Segundo Joseph Wood Krutch – 1929 - “A obediência incondicional à ética é a única alternativa para enfrentar o niilismo moral (descrença absoluta –aniquilamento moral ). Tão logo se começa a duvidar da validade das leis de Deus, consideradas como princípios fundamentais da Teologia, ou assim que se começa a questionar o propósito da vida, inicia-se da descida pelos flancos escorregadios do relativismo (casual – acidental – fortuito), da anarquia moral e do desespero cultural.” Descobri por conta própria que ao afastar-me de Deus, perco a imagem sadia dos meus objetivos existenciais e liquido com a minha auto-estima. Peço sempre em orações a inspiração em introspecções construtivas para descobrir novas possibilidades de ser, que normalmente não conseguiria reconhecer.

Quem sou eu? É uma pergunta milenar do autoconhecimento, que avança pela vida, em níveis cada vez mais profundos. Quando me recordo de decisões importantes que tomei em décadas passadas, reconheço que foram muito simplórias. Passado o tempo, hoje me sinto mais competente para enfrentar os desafios do crescimento pessoal. De todos os julgamentos, que passamos na vida o mais importante é aquele que fazemos sobre nós mesmos. Não podemos sabotar a nossa felicidade e atrapalhar a nossa realização pessoal e espiritual.

Fortalecemos a nossa auto-estima quando nos consideramos aptos a compreender a vida e suas exigências. A descrição da condição moderna segundo Jung: “O homem moderno está de pé sobre um pico. Na própria borda do mundo, com o abismo do futuro diante dele, os céus sobre a sua cabeça e aos seus pés toda a humanidade com a sua história que desaparece nas brumas primevas (tempos primitivos). A visão das alturas era vertiginosa, mas imponente”. A trajetória do ser humano é muito bonita, quando alicerçada na honestidade, integridade e responsabilidade própria. Precisamos, sem dúvida, fazer a nossa parte, nos permitindo momentos de graça, de luz e de elevação espiritual.

“A natureza da consciência é fluir. Ela parece estar sempre mudando. Estados de espírito se sucedem... Podemos dirigir a consciência para uma idéia ou impulso, mas não podemos trancá-la no lugar”.(Dr.George Weinberg). Possuímos diversas dimensões de crescimento pessoal, que podemos vivenciar e das quais podemos usufruir. E há muitas formas de entrar em contato com o eu interior que abrigamos. Trata-se da escolha de uma jornada de qualidade na qual quanto mais nos dedicamos, mais nos tornamos competentes para alcançar degraus cada vez mais altos em espiritualidade.

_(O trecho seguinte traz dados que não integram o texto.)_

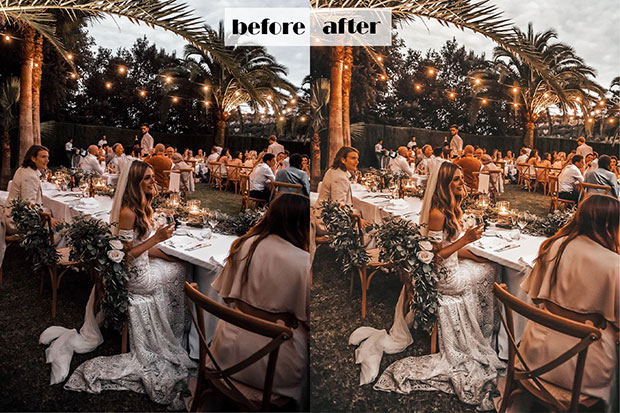20 پریست حرفه ای لایت روم عروسی Boho Wedding Lightroom Presets 20 پریست حرفه ای لایت روم عروسی Boho Wedding Lightroom Presets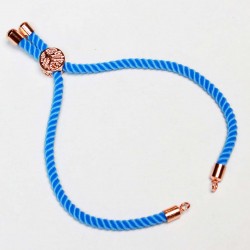 Basis for a bracelet (adjustable) max~22cm (0401)
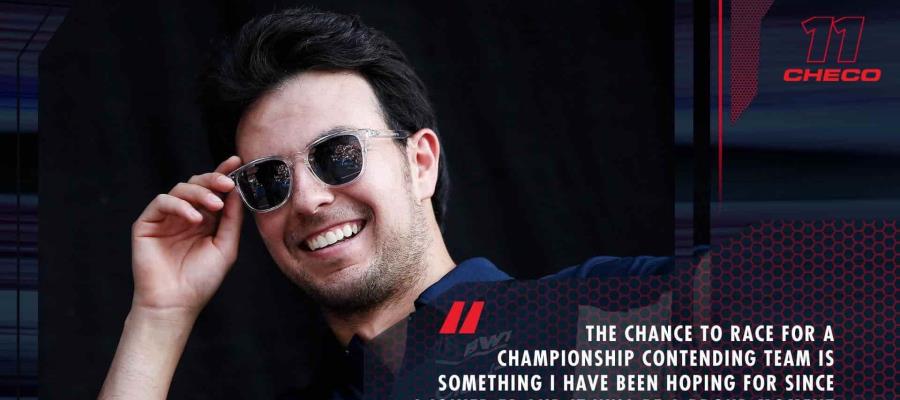 “Checo” hará más fuerte a Red Bull, coinciden Hamilton, Bottas y Verstappen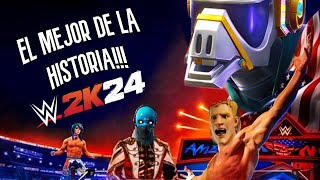 WWE 2K24: 2K TERMINO SU HISTORIA!!!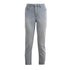 Mom jeans model licht gewassen. Rechte pijp en met knoop sluitingen. De broek is high waisted en valt op maat. Materiaal van de broek:  98% Cotton&nbsp; &nbsp;2% Spandex 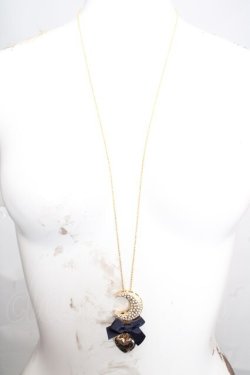 画像2: metamorphose / 三日月ネックレス  ゴールド O-26-03-27-1038-ME-OP-OW-OS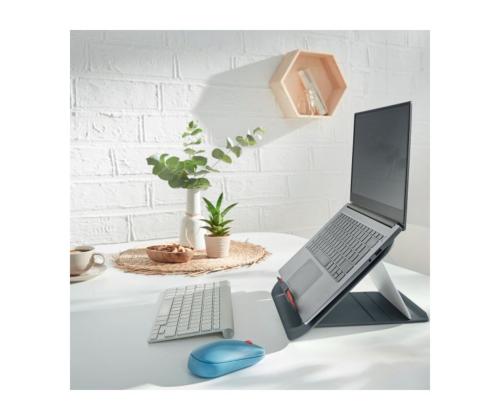 Sülearvuti alus LEITZ Cosy tumehall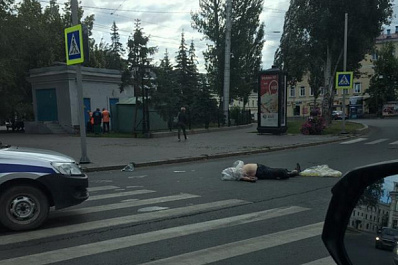 В Самаре на площади Революции найден труп мужчины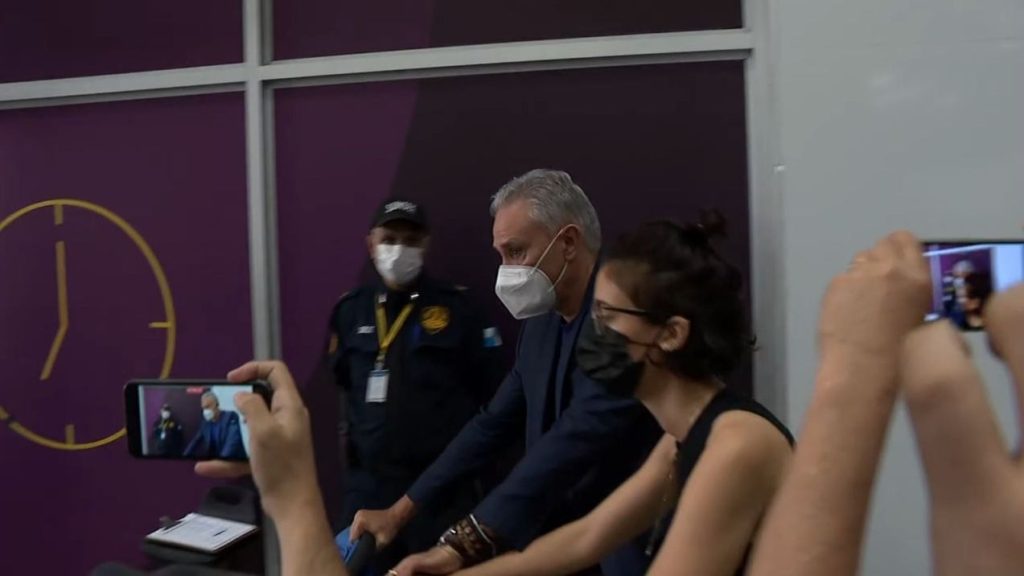 Selection arrives in Brazil with emotional Tite, only Everton Ribeiro said: ‘Everyone is very disappointed’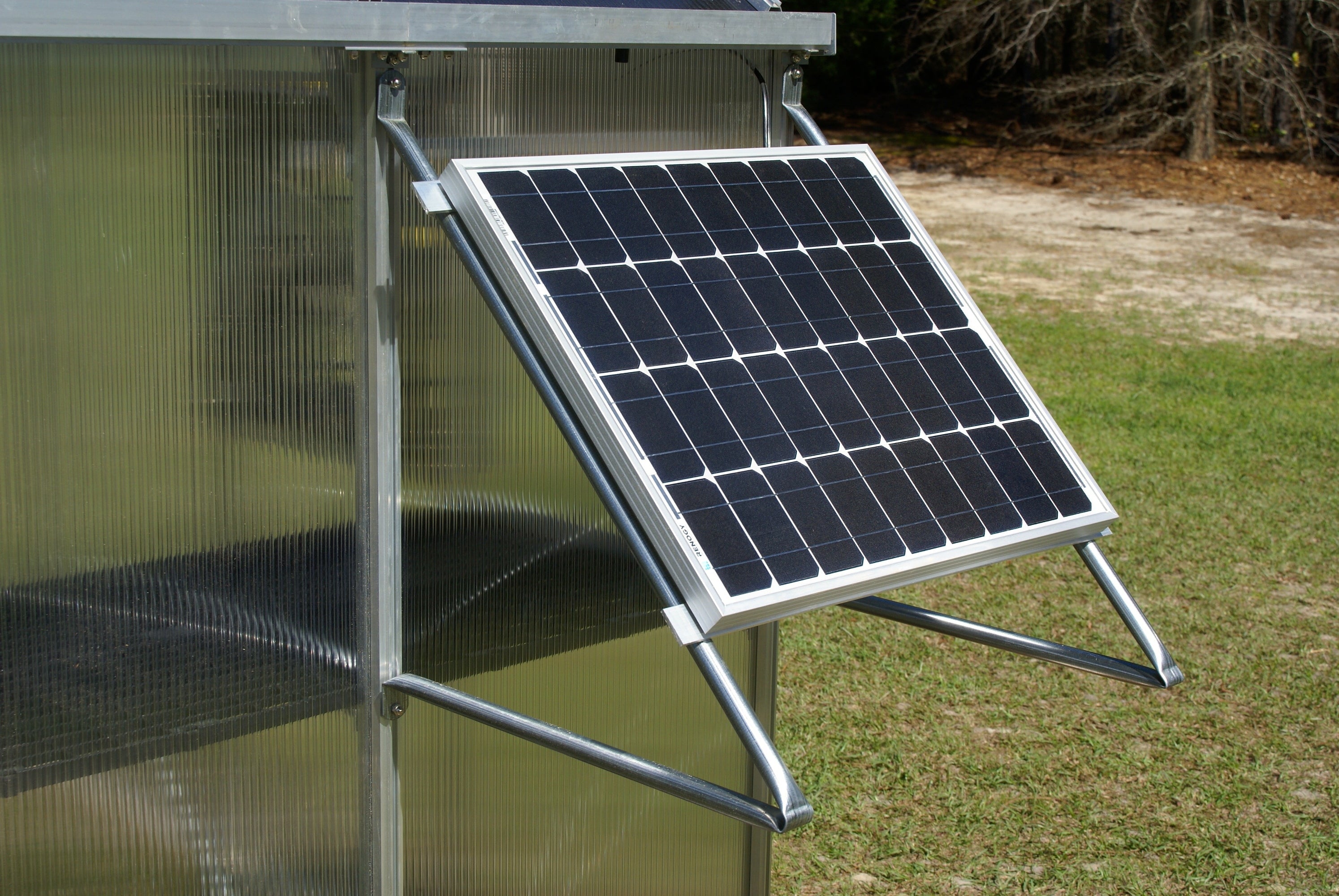 Monticello Solar Powered Ventilation System, additional view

Nossa mente é maravilhosa. Está sempre se movendo, crescendo, absorvendo energias puras, eliminando idéias negativas, guardando só o que nos impulsiona para a saúde psicológica. Nós é que controlamos a direção, Deus nos abençoou com está imensa possibilidade. Inteligentemente rejeitamos os resultados negativos e só valorizamos as projeções positivas. Quando fazemos uma faxina espiritual, desenvolvemos uma progressiva habilidade de concentração, abrindo as comportas para alcançarmos planos mais criativos e clarividentes da nossa mente, dos quais trazemos auxílios espirituais, psíquicos e intelectuais muito úteis em nosso dia-a-dia.

Assumir a posse de nossa mente e a responsabilidade de administrá-la, desenvolve um sentido de força espiritual e, em troca, aumenta a auto-estima. A intenção de admitirmos, que vale a pena assumir a qualidade dos pensamentos e atitudes será o grande ponto de virada. Utilizar e direcionar nossas energias para a purificação de nossa mente, e para a descoberta e o desenvolvimento de nossas aptidões espirituais é a nossa sagrada missão.